Nilton Fukuda/Estadão
Nilton Fukuda/Estadão

Itaúsa avalia disputa pela BR Distribuidora

Holding engrossa lista de interessados pelo controle da companhia, dizem fontes; Petrobrás já enviou prospecto de venda a potenciais compradores

Cátia Luz, Fernando Scheller, O Estado de S.Paulo

05 de outubro de 2016 | 05h00

Um dia após a Petrobrás dar início ao envio do prospecto de venda da BR Distribuidora para eventuais interessados, mais um grande grupo investidor passou a estudar a compra da rede de distribuição de combustíveis da estatal. A Itaúsa, holding de investimento das famílias Setubal e Vilella, em conjunto com a Cambuhy Investimentos, empresa de private equity da família Moreira Salles, está avaliando o negócio como uma possibilidade de diversificação do portfólio das companhias, segundo apurou o ‘Estado’.

Se confirmado, o grupo entraria na briga com outros interessados já aventados pelo mercado, como o fundo americano de investimentos Advent, a gestora brasileira GP Investiments e a trading de commodities holandesa Vitol.

Segundo fonte que acompanha de perto o processo de venda da BR Distribuidora, Itaú e Cambuhy têm caixa e apetite, mas não teriam “management”para assumir o negócio. Por isso, é provável a construção de um consórcio para arrematar a empresa, caminho que pode ser seguido também por outros grupos interessados. De acordo com a mesma fonte, muitos players devem olhar o ativo para entender o negócio, mas os investidores financeiros (fundos e empresas de investimento) são encarados como os mais prováveis a levar a disputa adiante. “O que afasta os investidores estratégicos é que a bandeira BR tem um grande valor, o que não é tão forte para quem já tem uma marca”, explica. As tradings, por sua vez, também têm interesse porque podem se a aproveitar da diferença dos preços de combustível entre o mercado interno e externo.

Uma fonte de mercado afirmou que a entrada de Itaúsa e Cambuhy na disputa pela BR Distribuidora seria interessante não só para os dois investidores, mas também para a Petrobrás, que ganharia dois sócios capitalizados e, ao mesmo tempo, poderia seguir na operação da distribuidora, ainda que venda uma fatia majoritária do negócio para eles. “O interesse faz sentido. O Cambuhy tem uma forte característica de pulverização da carteira”, disse a fonte.
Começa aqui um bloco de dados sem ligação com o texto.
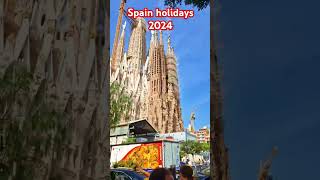 Spain holiday 2024 holiday spain barcelona [upl. by Aneehsirk]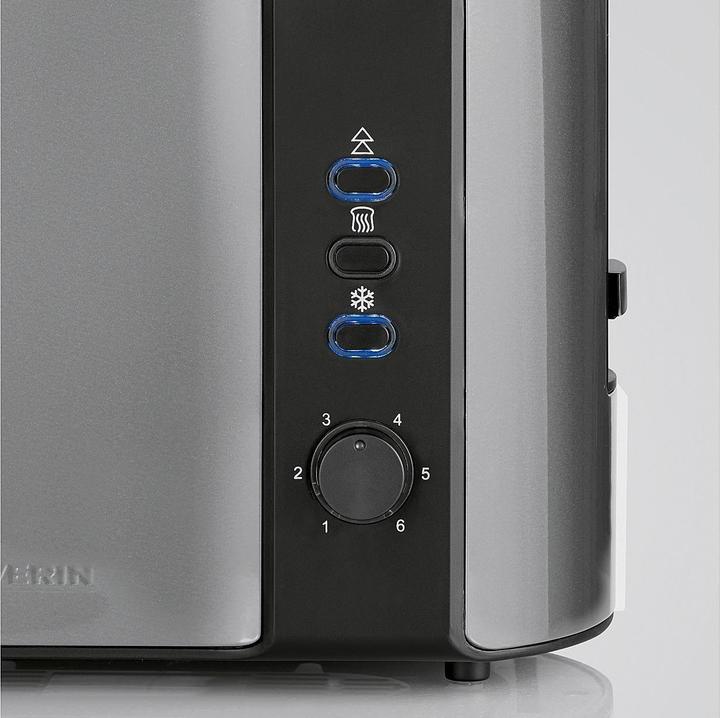 Actual product image Severin SEV IFA AT9573 Toaster grey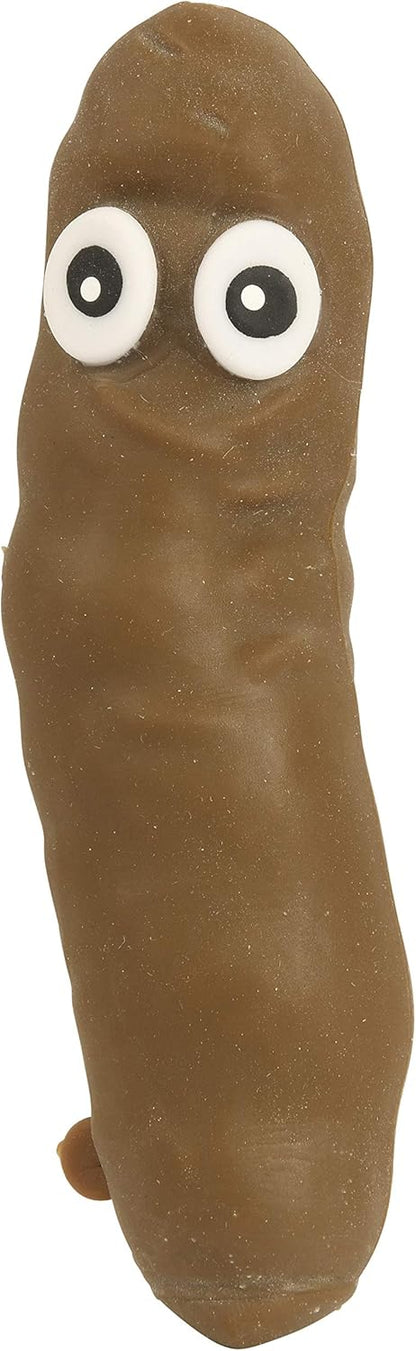 HTI Toys Squidgy Squishy Stretchy Poop Stress Reliever For Kids & Adults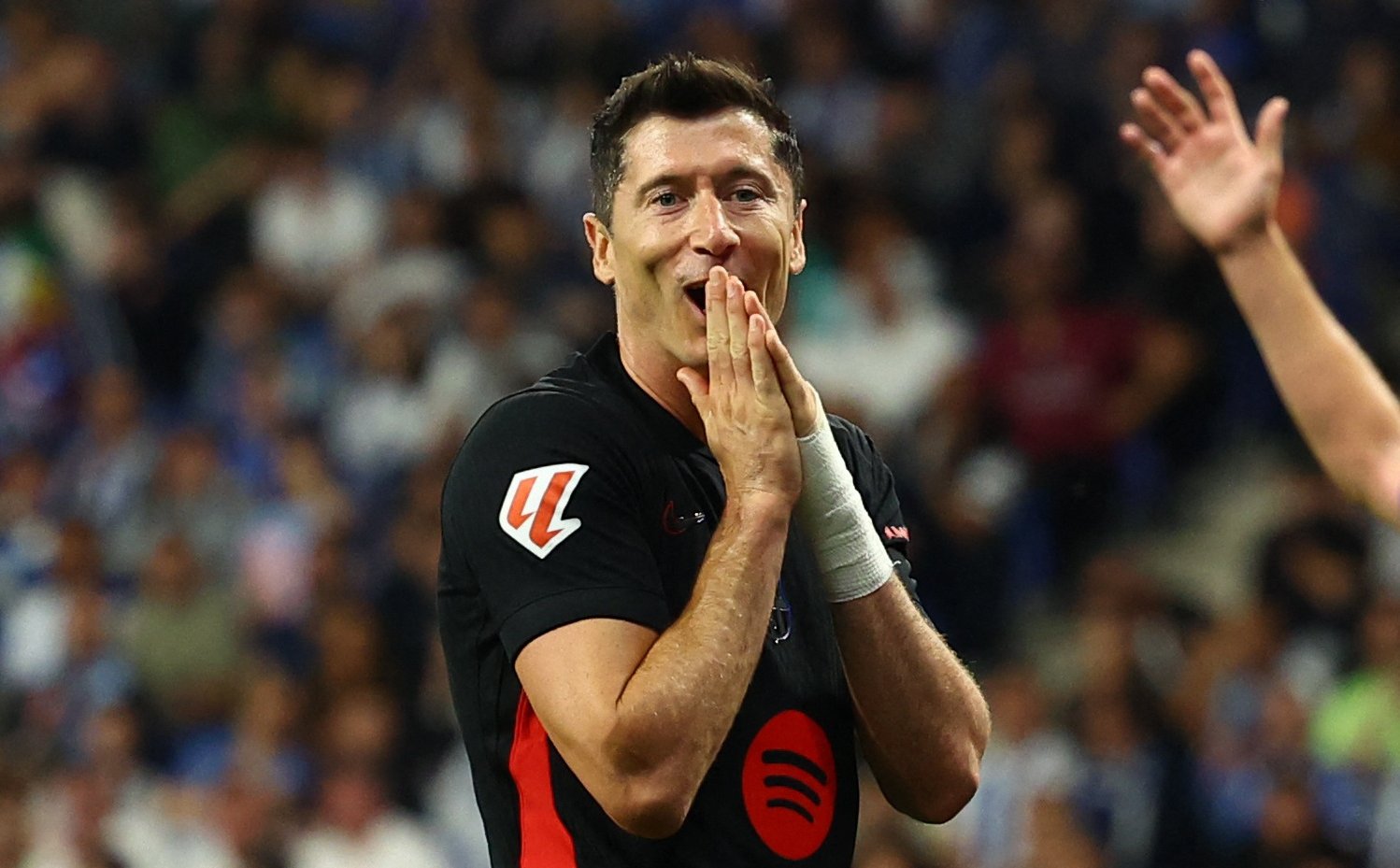 Finał sezonu w Hiszpanii. Jak Robert Lewandowski przekroczył magiczną granicę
Histórico. Após negociações sem sucesso para a venda de participação minoritária da BR Distribuidora, a estatal concordou em julho vender o controle do negócio de combustíveis. A Petrobrás vai se desfazer de 51% do capital votante da BR como parte de seu programa de vendas de ativos. O valor de 100% da BR Distribuidora estaria em cerca de R$ 30 milhões, segundo avaliações de mercado.

Inicialmente, a Petrobrás estaria disposta a se desfazer apenas de uma fatia minoritária da BR Distribuidora, de 25%. O negócio, no entanto, não havia atraído a atenção de muitos investidores, uma vez que muitos temiam ficar subordinados à estatal depois do escândalo de corrupção da Lava Jato, que feriu a imagem da petrolífera nacional e internacionalmente. Outra alternativa aventada foi a abertura de capital do negócio, mas a proposta também se revelou financeiramente pouco atraente e acabou abandonada.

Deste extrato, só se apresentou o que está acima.